## Data for this task
*** Begin section ***

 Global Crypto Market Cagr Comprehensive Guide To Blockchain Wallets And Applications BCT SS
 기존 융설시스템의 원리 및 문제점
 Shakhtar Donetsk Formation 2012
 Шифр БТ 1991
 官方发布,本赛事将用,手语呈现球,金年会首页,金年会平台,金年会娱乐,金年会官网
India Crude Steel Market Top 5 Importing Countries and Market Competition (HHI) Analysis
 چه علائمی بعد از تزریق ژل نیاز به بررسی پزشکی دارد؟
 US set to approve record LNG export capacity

*** End section ***

## Problem to work on
The material above is to be reproduced exactly as written.

## Task answer
 Global Crypto Market Cagr Comprehensive Guide To Blockchain Wallets And Applications BCT SS
 기존 융설시스템의 원리 및 문제점
 Shakhtar Donetsk Formation 2012
 Шифр БТ 1991
 官方发布,本赛事将用,手语呈现球,金年会首页,金年会平台,金年会娱乐,金年会官网
India Crude Steel Market Top 5 Importing Countries and Market Competition (HHI) Analysis
 چه علائمی بعد از تزریق ژل نیاز به بررسی پزشکی دارد؟
 US set to approve record LNG export capacity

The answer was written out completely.